Landgericht Berlin – Az. 46 S 58/22 – fraglich ist, ob der Versicherungsschutz eines Fahrers bzw. Halters entfällt, wenn dieser sich nach einem Unfall unerlaubt entfernt. Damit hatte sich nun auch das LG Berlin zu beschäftigen.
Die zentrale Frage des Urteils lag darin, ob der Kausalitätsgegenbeweis des § 28 Abs. 3 VVG in den Fällen des unerlaubten Entfernens vom Unfallort greift. Gem. der Norm ist der Versicherer trotz einer Obliegenheitsverletzung des Versicherungsnehmers zur Leistung verpflichtet, wenn die Obliegenheitsverletzung weder für den Eintritt oder die Feststellung des Versicherungsfalles noch für die Feststellung oder den Umfang der Leistungspflicht des Versicherers ursächlich ist. Dies gilt nur dann nicht, wenn der Versicherungsnehmer die Obliegenheit arglistig verletzt hat.
Zu den sog. Obliegenheiten zählt die Aufgabe des Versicherungsnehmers, den Versicherer unverzüglich vom Eintritt des Versicherungsfalles zu unterrichten.
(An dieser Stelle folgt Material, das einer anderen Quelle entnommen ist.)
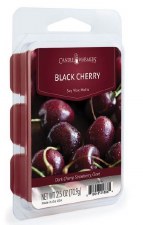 Wax Melt, 2.5oz - Black Cherry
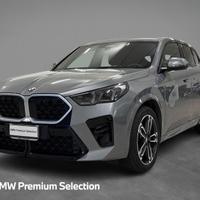 BMW X2 sdrive 18d MSport auto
Diese hat der Versicherungsnehmer in dem Fall, in dem er sich unerlaubt vom Unfallort entfernt, unstreitig nicht erfüllt. Das Gericht war nun aber mit der Frage beschäftigt, ob der Kausalitätsgegenbeweis gilt oder nicht. Jedenfalls war es der Auffassung, er gelte nicht deswegen nicht, weil der beteiligte Versicherungsnehmer arglistig gehandelt habe. Arglist gegenüber dem Versicherer setzt eine böswillige Absicht gegenüber dem Versicherer voraus. Nach der Rechtsprechung des Bundesgerichtshofs ist die pauschale Annahme, dass in Fällen des § 142 StGB, also des unerlaubten Entfernens vom Unfallort, stets Arglist vorliegt, aber unzulässig. Zudem ist ein Verkehrsunfall häufig mit einer gewissen Überforderung verbunden, sodass im Falle des unerlaubten Entfernens die pauschale Annahme der Arglist nicht gerechtfertigt sei. Typischerweise macht sich der Versicherte in einer solchen Überforderungssituation vorrangig keine Gedanken über seine Haftpflichtversicherung. Auch ist in dem Zusammenhang anzumerken, dass ein „erfolgreiches“ Entfernen vom Unfallort dem Haftpflichtversicherer insofern sogar eher von Vorteil ist, als dass ihn in diesem Fall keine Verpflichtung zur Schadensregulierung träfe. Das Gericht kam somit zu dem Schluss, dass in diesem Falle der Versicherte nicht arglistig gehandelt und die Annahme des Kausalitätsgegenbeweises zumindest nicht aus diesem Grunde ausgeschlossen ist.
Auch lagen in dem vom Gericht zu entscheidenden Fall die Voraussetzungen des Kausalitätsgegenbeweises vor. Das unerlaubte Entfernen vom Unfallort war nicht ursächlich für den Eintritt des Versicherungsfalles und auch nicht für die Feststellung der Leistungspflicht des Versicherers. Ein Zeuge hat den Unfall beobachtet und diesen sofort der Polizei gemeldet. Anschließend erschien die Polizei und befragte den beklagten Versicherungsnehmer in einem nahe dem Unfallort gelegenen Café. Hätte der Beklagte selbst den Versicherer informiert, wären das Unfallgeschehen und der anschließende Vorgang nahezu identisch gewesen, sodass sich das Verhalten des Versicherungsnehmers nicht zum Nachteil des Versicherers auf den Geschehensablauf ausgewirkt hat.
Fazit: Ein unerlaubtes Entfernen vom Unfallort führt nicht zwangsläufig zur Leistungsfreiheit des Versicherers.